Tiffany B. Brown

a mish-mosh of stuff

DMX: I’ma need you to put down the weed and pick up a paper

From DMX’s interview with XXLmag.com:

Are you following the presidential race?
Not at all.
You’re not? You know there’s a Black guy running, Barack Obama and then there’s Hillary Clinton.
His name is Barack?!
Barack Obama, yeah.
Barack?!
Barack.
What the fuck is a Barack?! Barack Obama. Where he from, Africa?
Yeah, his dad is from Kenya.
Barack Obama?
Yeah.
What the fuck?! That ain’t no fuckin’ name, yo. That ain’t that nigga’s name. You can’t be serious. Barack Obama. Get the fuck outta here.
You’re telling me you haven’t heard about him before.
I ain’t really paying much attention.
I mean, it’s pretty big if a Black…
Wow, Barack! The nigga’s name is Barack. Barack? Nigga named Barack Obama. What the fuck, man?! Is he serious? That ain’t his fuckin’ name. Ima tell this nigga when I see him, “Stop that bullshit. Stop that bullshit“ [laughs] “That ain’t your fuckin’ name.” Your momma ain’t name you no damn Barack.
  • ahmed
    not uh. stop play'n dmx. u a wild boy. u play to much
  • my brain took a week to process that stellar display of ignance.
  • Hilarious. The black nerd revolution couldn't come soon enough.
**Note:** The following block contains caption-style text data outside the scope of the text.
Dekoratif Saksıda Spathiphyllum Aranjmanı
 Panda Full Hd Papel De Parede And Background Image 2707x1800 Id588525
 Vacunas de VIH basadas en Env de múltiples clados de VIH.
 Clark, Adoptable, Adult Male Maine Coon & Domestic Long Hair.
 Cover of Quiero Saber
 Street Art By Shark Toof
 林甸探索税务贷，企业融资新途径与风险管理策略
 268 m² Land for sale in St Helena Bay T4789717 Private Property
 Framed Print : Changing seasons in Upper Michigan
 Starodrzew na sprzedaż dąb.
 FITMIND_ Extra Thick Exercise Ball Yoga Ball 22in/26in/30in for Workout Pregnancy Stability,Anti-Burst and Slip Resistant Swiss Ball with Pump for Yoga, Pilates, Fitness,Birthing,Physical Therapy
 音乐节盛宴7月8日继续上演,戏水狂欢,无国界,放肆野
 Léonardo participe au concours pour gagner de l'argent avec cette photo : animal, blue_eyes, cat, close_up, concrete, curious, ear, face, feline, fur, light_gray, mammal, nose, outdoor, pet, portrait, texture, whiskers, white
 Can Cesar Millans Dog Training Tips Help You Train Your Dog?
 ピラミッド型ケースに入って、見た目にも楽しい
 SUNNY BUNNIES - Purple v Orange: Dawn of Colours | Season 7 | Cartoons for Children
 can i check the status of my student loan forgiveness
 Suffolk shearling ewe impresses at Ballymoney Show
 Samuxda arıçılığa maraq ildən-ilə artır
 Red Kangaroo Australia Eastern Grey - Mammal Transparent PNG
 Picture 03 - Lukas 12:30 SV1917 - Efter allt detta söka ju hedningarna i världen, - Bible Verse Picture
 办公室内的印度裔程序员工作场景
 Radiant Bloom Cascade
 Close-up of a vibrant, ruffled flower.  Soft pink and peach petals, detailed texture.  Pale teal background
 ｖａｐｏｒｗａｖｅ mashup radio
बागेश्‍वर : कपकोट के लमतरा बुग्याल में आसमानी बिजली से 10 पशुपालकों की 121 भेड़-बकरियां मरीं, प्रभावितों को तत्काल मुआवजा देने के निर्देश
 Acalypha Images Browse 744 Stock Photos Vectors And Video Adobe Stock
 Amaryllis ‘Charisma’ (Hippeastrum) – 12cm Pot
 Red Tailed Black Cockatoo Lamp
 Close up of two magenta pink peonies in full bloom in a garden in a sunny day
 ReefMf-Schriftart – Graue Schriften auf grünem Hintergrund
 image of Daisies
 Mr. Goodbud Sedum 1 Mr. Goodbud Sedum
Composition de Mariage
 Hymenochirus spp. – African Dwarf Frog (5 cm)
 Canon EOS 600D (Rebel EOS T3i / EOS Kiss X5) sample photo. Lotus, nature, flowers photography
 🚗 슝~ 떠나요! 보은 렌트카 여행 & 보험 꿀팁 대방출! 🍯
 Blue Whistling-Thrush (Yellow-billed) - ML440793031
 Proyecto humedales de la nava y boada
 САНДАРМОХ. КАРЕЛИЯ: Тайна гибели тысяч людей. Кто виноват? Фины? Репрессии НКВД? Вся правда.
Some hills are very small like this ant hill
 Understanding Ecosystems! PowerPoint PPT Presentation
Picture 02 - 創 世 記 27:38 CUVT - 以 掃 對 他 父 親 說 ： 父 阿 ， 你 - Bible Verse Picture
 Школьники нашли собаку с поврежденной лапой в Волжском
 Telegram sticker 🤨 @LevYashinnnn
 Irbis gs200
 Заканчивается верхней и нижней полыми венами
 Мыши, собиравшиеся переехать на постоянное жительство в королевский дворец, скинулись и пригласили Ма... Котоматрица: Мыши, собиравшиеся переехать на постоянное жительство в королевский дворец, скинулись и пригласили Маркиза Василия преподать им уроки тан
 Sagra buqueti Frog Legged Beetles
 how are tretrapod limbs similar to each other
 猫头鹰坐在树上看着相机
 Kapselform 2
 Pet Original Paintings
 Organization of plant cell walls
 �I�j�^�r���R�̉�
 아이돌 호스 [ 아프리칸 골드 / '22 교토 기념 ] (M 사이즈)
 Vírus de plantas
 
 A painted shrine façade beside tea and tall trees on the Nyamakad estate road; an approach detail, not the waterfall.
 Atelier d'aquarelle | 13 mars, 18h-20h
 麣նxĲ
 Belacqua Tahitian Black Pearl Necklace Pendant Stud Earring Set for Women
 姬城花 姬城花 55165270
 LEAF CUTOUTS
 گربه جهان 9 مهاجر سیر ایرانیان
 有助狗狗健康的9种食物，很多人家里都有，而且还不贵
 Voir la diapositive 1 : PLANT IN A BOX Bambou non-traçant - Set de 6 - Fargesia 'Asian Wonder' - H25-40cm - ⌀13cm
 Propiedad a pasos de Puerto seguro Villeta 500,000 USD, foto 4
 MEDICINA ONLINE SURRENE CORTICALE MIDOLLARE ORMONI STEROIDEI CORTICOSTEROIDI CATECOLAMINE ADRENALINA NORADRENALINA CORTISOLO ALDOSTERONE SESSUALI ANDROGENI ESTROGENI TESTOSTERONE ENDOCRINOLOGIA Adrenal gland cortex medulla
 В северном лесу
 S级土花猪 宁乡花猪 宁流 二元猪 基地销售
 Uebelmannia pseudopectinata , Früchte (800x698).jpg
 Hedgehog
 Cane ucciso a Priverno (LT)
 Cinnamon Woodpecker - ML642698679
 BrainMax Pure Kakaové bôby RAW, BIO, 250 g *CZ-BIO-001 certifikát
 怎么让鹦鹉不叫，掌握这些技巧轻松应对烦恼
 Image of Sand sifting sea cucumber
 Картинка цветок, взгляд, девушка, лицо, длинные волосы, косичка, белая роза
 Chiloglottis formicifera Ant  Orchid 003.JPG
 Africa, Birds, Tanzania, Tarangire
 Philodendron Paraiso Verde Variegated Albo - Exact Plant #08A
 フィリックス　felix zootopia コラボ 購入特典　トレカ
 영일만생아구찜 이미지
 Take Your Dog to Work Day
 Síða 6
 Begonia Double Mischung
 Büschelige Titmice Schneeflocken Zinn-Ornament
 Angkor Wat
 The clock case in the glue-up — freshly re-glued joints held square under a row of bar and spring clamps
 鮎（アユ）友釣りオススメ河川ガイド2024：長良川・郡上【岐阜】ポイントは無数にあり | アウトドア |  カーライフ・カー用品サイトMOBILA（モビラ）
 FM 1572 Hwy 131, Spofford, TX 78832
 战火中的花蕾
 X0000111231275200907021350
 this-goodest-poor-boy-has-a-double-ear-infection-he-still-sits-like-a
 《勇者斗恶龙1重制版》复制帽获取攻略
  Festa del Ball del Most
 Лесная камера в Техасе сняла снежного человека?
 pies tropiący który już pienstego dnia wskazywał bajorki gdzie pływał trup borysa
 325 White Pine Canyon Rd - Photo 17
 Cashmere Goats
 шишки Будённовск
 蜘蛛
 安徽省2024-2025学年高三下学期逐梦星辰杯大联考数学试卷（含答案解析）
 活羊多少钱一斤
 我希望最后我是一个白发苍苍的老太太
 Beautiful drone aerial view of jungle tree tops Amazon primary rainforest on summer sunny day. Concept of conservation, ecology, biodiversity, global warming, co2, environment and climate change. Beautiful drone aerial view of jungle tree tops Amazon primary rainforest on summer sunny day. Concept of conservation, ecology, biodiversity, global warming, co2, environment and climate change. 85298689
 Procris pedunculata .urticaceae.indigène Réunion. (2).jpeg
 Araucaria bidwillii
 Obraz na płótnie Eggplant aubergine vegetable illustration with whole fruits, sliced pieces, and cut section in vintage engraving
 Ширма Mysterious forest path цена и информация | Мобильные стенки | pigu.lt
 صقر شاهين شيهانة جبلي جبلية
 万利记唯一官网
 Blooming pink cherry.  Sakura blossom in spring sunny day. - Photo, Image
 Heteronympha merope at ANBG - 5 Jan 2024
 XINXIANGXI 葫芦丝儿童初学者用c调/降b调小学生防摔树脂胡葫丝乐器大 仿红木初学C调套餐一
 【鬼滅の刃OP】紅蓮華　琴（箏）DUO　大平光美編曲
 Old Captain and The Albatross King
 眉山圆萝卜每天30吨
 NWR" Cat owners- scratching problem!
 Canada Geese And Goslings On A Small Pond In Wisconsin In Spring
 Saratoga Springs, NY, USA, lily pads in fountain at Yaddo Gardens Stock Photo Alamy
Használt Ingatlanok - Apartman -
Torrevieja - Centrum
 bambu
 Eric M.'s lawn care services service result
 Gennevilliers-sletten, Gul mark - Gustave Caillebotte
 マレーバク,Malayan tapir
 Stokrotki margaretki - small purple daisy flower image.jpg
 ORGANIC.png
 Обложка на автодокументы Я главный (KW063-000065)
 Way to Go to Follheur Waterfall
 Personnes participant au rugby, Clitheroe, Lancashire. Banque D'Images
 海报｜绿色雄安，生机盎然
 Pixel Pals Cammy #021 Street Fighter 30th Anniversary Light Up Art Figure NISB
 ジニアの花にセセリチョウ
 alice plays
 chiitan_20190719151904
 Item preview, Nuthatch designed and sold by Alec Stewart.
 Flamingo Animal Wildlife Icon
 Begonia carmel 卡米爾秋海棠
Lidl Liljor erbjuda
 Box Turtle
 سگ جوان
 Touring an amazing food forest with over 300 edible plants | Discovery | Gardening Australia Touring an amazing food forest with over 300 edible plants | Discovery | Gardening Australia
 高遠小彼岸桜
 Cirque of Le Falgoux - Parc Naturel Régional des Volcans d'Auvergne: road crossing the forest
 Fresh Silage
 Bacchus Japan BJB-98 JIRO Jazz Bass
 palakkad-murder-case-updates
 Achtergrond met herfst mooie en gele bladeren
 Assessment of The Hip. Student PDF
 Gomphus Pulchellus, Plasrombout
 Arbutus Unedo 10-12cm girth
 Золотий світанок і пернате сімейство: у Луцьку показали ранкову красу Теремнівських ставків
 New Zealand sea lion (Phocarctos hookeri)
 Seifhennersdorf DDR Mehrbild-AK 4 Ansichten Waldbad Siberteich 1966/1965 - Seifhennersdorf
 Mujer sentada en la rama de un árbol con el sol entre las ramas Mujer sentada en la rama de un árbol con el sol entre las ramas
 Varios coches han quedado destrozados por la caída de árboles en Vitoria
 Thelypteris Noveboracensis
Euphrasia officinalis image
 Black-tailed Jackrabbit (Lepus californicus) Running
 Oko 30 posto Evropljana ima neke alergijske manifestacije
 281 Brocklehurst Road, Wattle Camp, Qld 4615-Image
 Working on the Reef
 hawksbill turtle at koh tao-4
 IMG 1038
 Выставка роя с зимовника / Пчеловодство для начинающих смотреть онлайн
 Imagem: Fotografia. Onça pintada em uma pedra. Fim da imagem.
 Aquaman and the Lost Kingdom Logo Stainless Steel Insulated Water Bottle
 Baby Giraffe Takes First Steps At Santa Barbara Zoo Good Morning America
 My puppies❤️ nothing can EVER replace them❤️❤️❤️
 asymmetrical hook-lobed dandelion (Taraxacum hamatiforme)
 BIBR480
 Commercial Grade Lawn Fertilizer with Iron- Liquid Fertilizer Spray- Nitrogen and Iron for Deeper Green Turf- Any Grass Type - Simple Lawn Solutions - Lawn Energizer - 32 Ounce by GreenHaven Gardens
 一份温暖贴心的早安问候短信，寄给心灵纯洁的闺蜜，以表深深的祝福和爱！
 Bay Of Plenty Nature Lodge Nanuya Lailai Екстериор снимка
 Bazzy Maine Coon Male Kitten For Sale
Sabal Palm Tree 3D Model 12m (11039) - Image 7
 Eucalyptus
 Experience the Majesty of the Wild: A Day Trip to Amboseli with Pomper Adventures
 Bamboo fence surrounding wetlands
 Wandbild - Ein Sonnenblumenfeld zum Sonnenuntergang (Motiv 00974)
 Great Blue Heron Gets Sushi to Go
I can't wait for DMX to hit the washed-up-celeb circuit on VH1 in about four years.
  • BH
    OMG. that's funnier than when X said he wanted to be a preacher on Jimmy Kimmel.
  • Let's stick to the facts at hand people...

    We all know his momma didn't name her son "Barack".

    I know it, you know it, the people know it, Hogan knows it... (waaay inside, but funny as hell).
  • You know, crack would seem a more likely culprit for his ignorance. All the weed smokers I know have at least a cursory knowledge of politics... LOL.
  • clarification: the rumor is "crack" not weed for X.
  • It really really is.
  • He was. But the overwhelming cluelessness displayed is amazing. I mean damn, he would have had to avoid TV, radio, newspapers and people for the last four years. That's almost impressive, actually.
  • Sad, but I think he was a little insightful a few questions later:

    But it would be pretty big if we had a first Black president. That would be huge.
    I mean, I guess…. What, they gon’ give a dog a bone? There you go. Ooh, we have a Black president now. They should’ve done that shit a long time ago, we wouldn’t be in the fuckin’ position we in now. With world war coming up right now. They done fucked this shit up then give it to the Black people, “Here you take it. Take my mess.”